# WHAT YOU HAVE TO DO
Pictures excluded, please retype exactly the lines from the start of the data through the line that contains "新品 正規品 adidas", both ends kept, and nothing beyond them.

Brief descriptive captions:

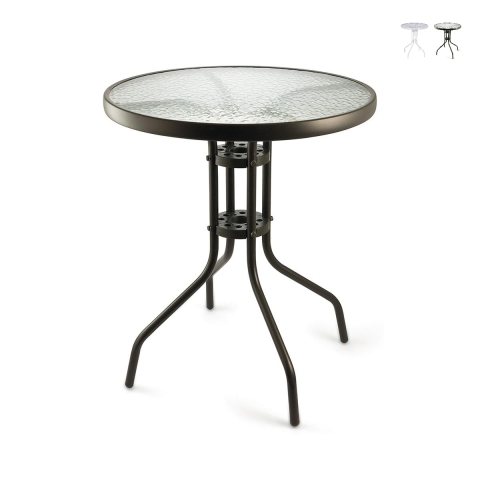Mesa redonda de exterior 60 cm acero carbono y vidrio Lorea Promoción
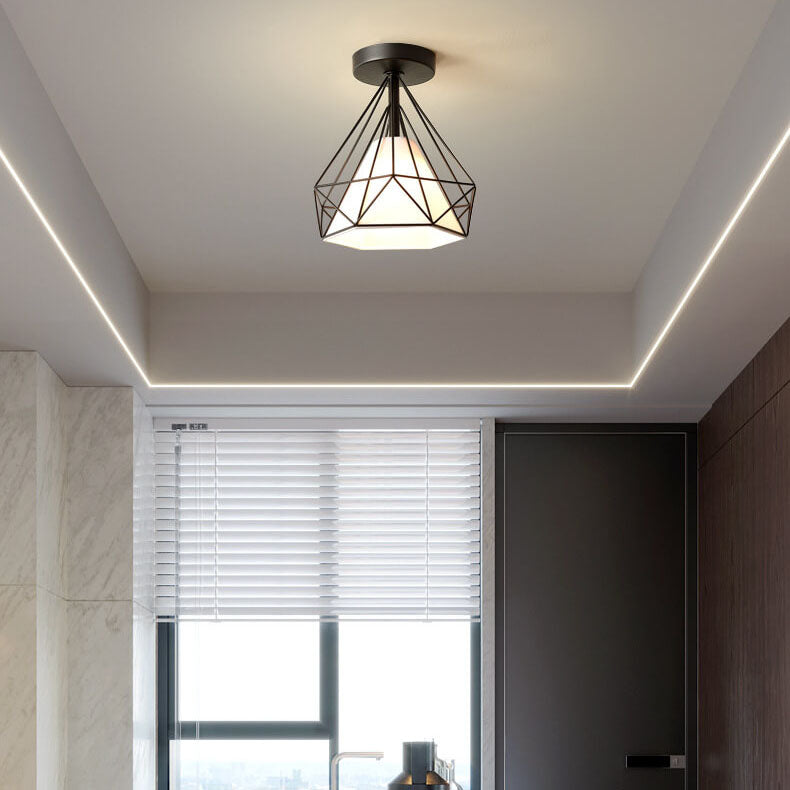 Scandinavian Modern Minimalist Iron Glass Ceramic Flower Diamond 1-Light Semi-Flush Mount Ceiling Light Lumendat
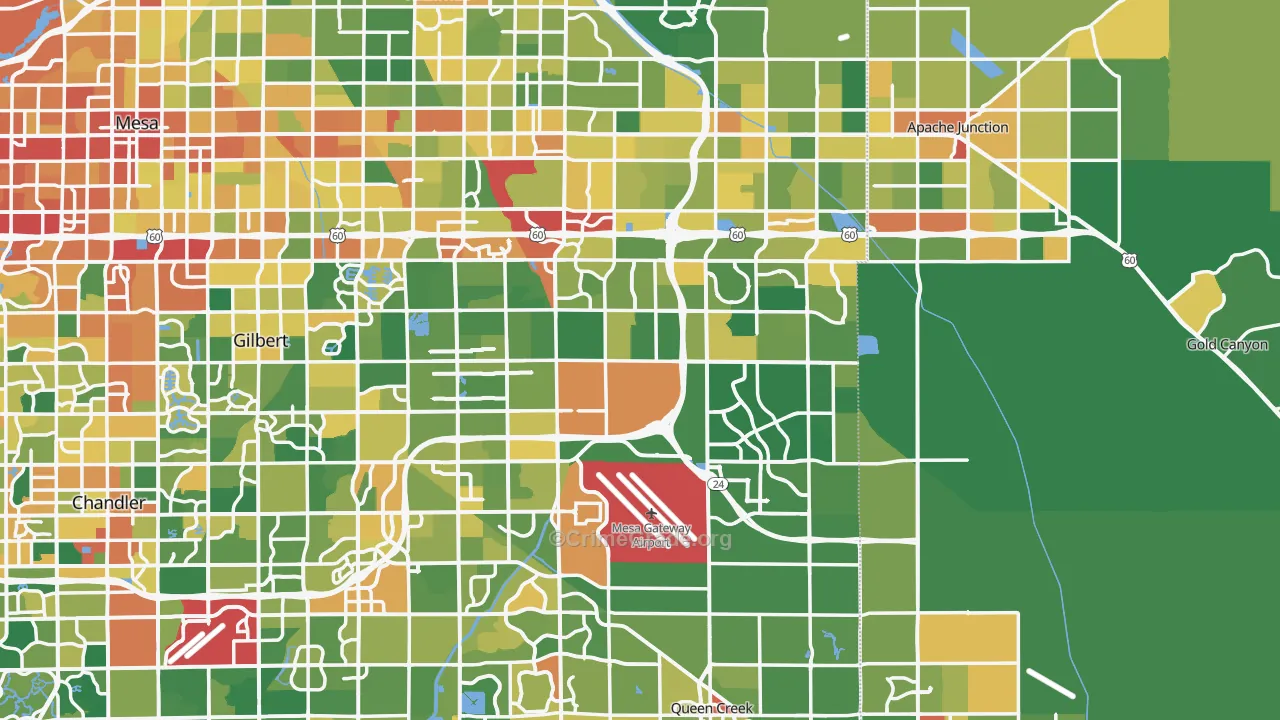 Higley, AZ Map of Assault Rates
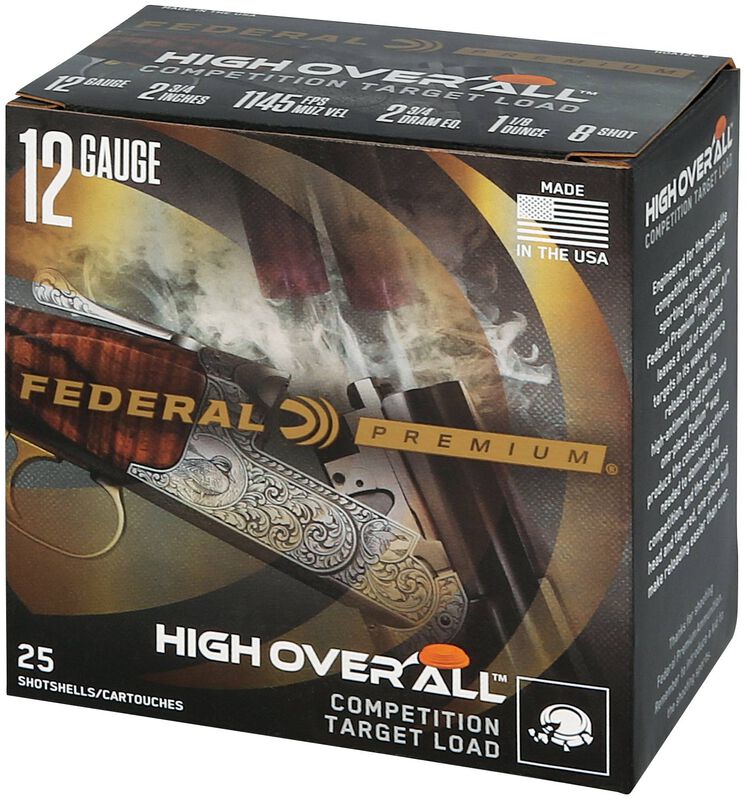 High Over All, 12 Gauge, 8 Shot, 2-3/4 in, 1 1/8 oz, 1145 fps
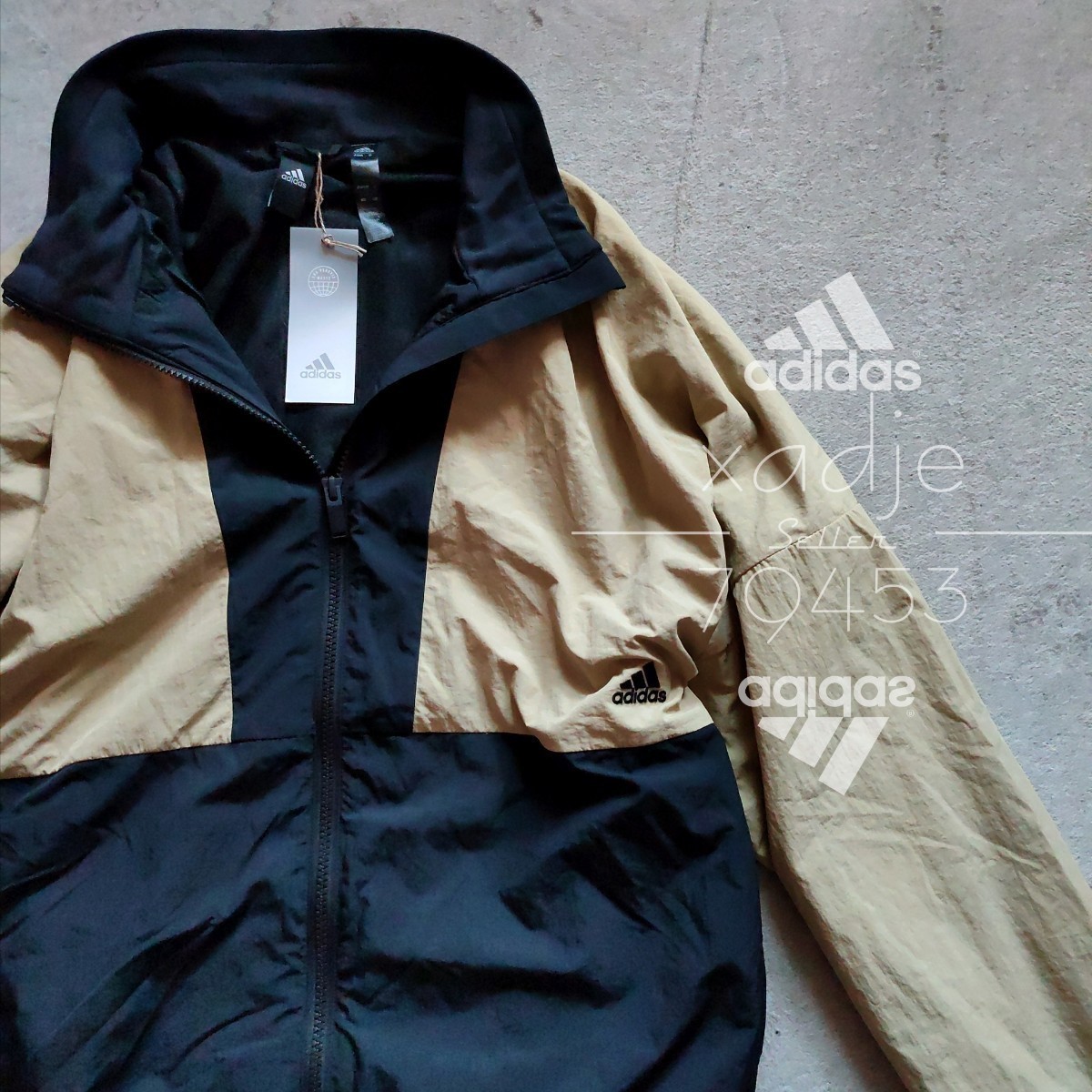 新品 正規品 adidas アディダス THREE STRIPES 上下セット セットアップ ナイロン ジャケット パンツ ジャージ 黒 ブラック ベージュ Lの画像7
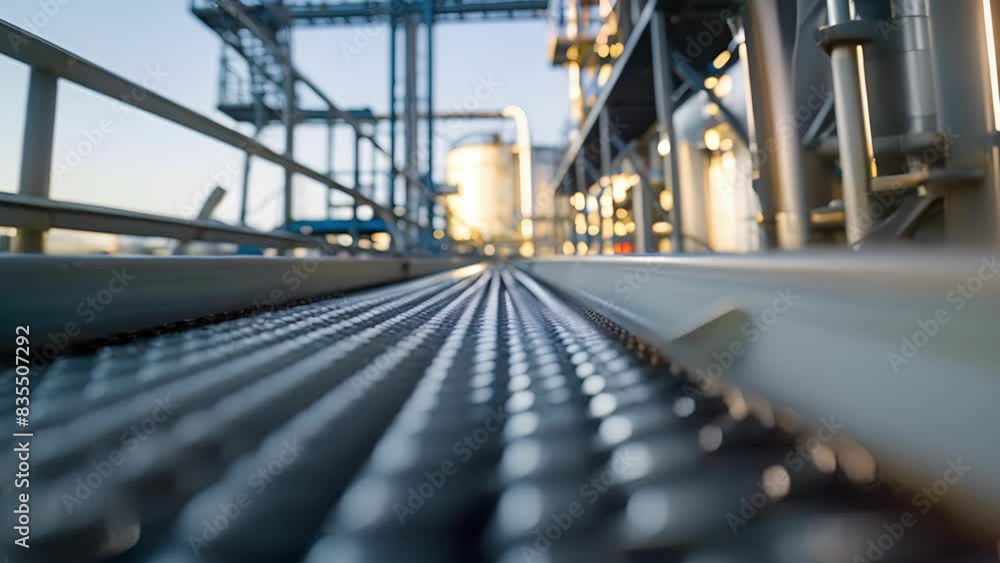 A conveyor belt system transporting captured CO2 to storage tanks with safety measures in place to prevent leaks. A conveyor belt system transporting captured CO2 to storage tanks with safety measures in place to prevent leaks.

# REPLY
Mesa redonda de exterior 60 cm acero carbono y vidrio Lorea Promoción
 Scandinavian Modern Minimalist Iron Glass Ceramic Flower Diamond 1-Light Semi-Flush Mount Ceiling Light Lumendat
 Higley, AZ Map of Assault Rates
 High Over All, 12 Gauge, 8 Shot, 2-3/4 in, 1 1/8 oz, 1145 fps
 新品 正規品 adidas アディダス THREE STRIPES 上下セット セットアップ ナイロン ジャケット パンツ ジャージ 黒 ブラック ベージュ Lの画像7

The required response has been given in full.